Ma torniamo alla conversazione. Oltre alla capacità di operare con logica occorre, per fornire una risposta adeguata, la competenza nel mettere il nostro pensiero in parole. Non in frasette da chat ma in frasi strutturate. Questo non può che derivarci dall’aver partecipato a migliaia di conversazioni, dall’aver fatto il gioco del detto e contraddetto e infine, e non ci si deve vergognare nell’affermarlo, dall’avere letto. Letto letteratura, con spirito curioso e ritico. Letto parole scritte da altri.
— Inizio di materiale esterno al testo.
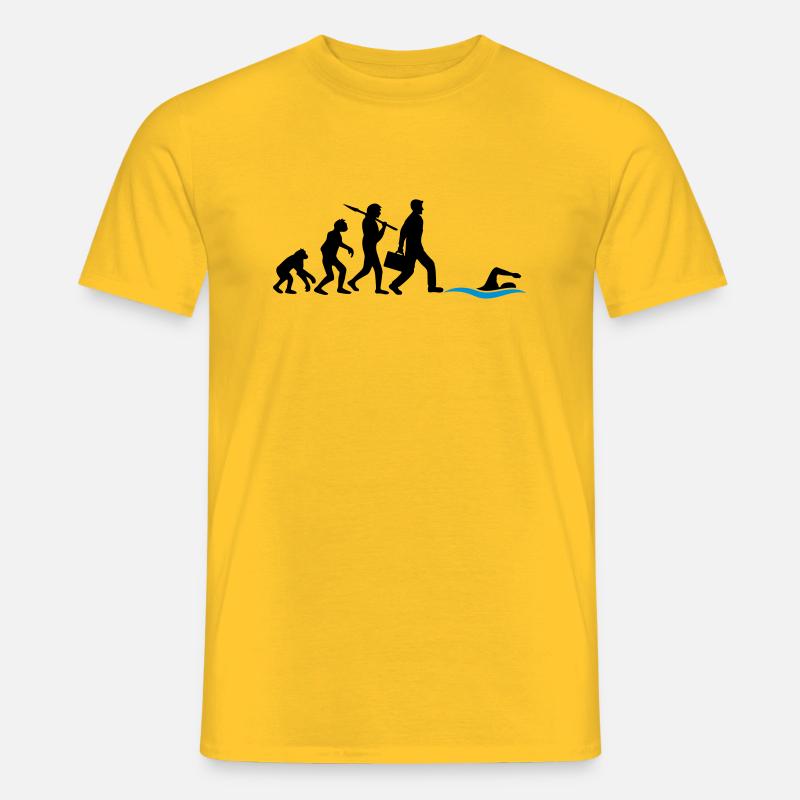 evolution entwicklung geboren zum schwimmen logo s - Männer T-Shirt - Gelb
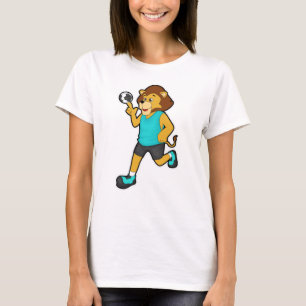 Lejon i Handball-spelare med handboll T Shirt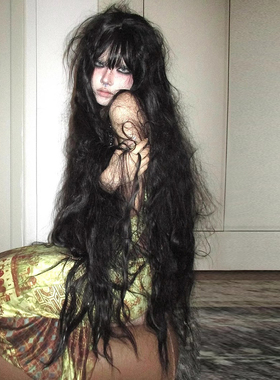 洛丽塔超长黑色水纹长卷发假发女影楼写真一米羊毛卷cos万用发套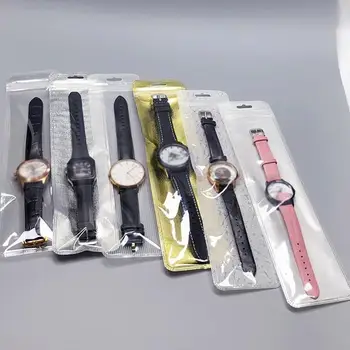 

50pcs Watch With Slim Bag Translucent Strip Plastic Ziplock Bag Stationery Accessories Frosted Jewelry Organizer Display Package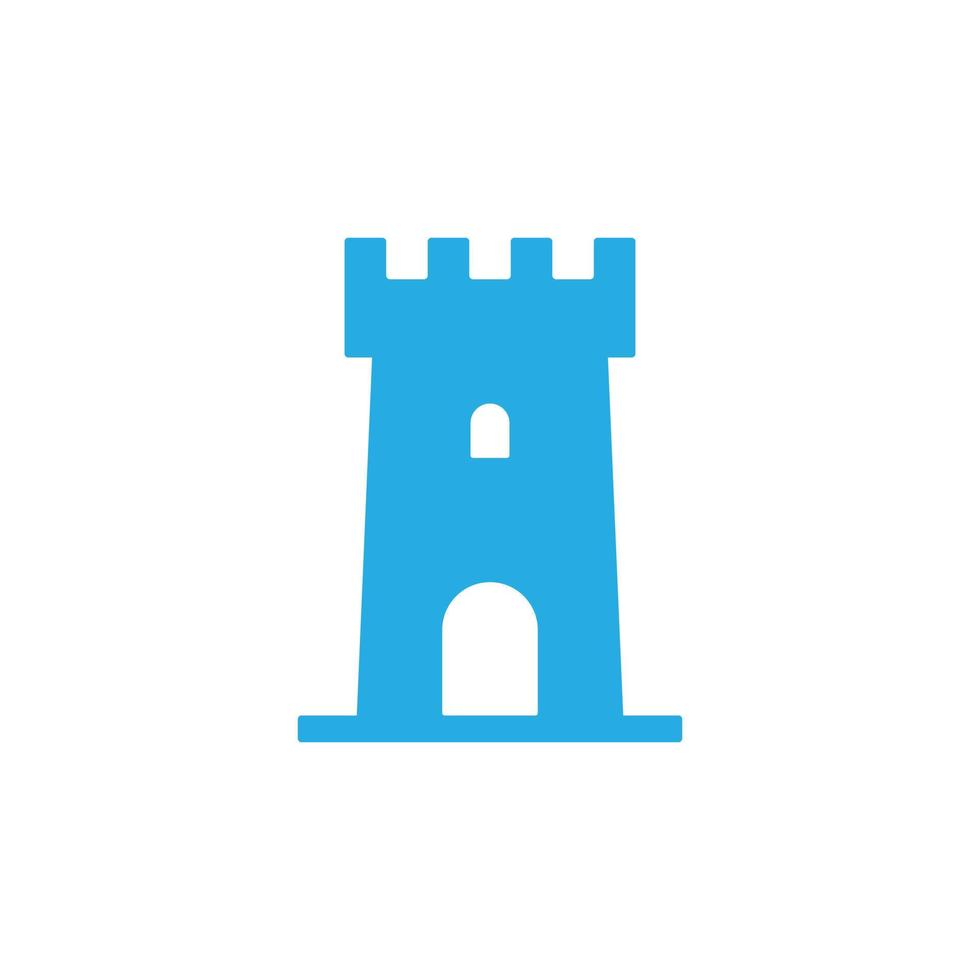 eps10 vector azul castillo torre icono de arte sólido abstracto aislado sobre fondo blanco. símbolo de construcción de castillos en un estilo moderno y plano simple para el diseño de su sitio web, logotipo y aplicación móvil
Ora, è evidente che tutto questo bagaglio di competenze, che sono principalmente conversazionali e culturali, è ciò che ci serve per produrre un testo scritto che si presenti con un sufficiente grado di decenza. Gli antichi chiamavano questo retorica ed esercitavano i loro allievi alla discussione, al fine di affinarne le capacità logiche, di programmazione linguistica e di oratoria (cioè del ben dire).

Nelle nostre scuole non si fanno gare di oratoria, la parole stessa retorica è usata in senso spregiativo e le conseguenze le vediamo ogni giorno quando assistiamo a dibattiti che sono scontri tra ego, invece di essere contributi alla progressione del sapere collettivo.

Saper scrivere è esercitare la propria libertà

Credo che si debba guardare al tema di italiano come a un mezzo prezioso per divulgare le proprie idee, allo scritto come alla maniera più semplice per dire chi siamo e cosa pensiamo.

Penso alla prova scritta di italiano come a uno strumento di espressione della personalità dello studente e della sua capacità di giudizio sul mondo. Testimonianza che, proprio al termine del ciclo di studi, si è tenuti a dare, garanzia di maturità e raggiunta autonomia intellettuale.

Penso all’ educare a esprimersi con la lingua scritta come a uno dei modi più efficaci per fare degli studenti uomini liberi.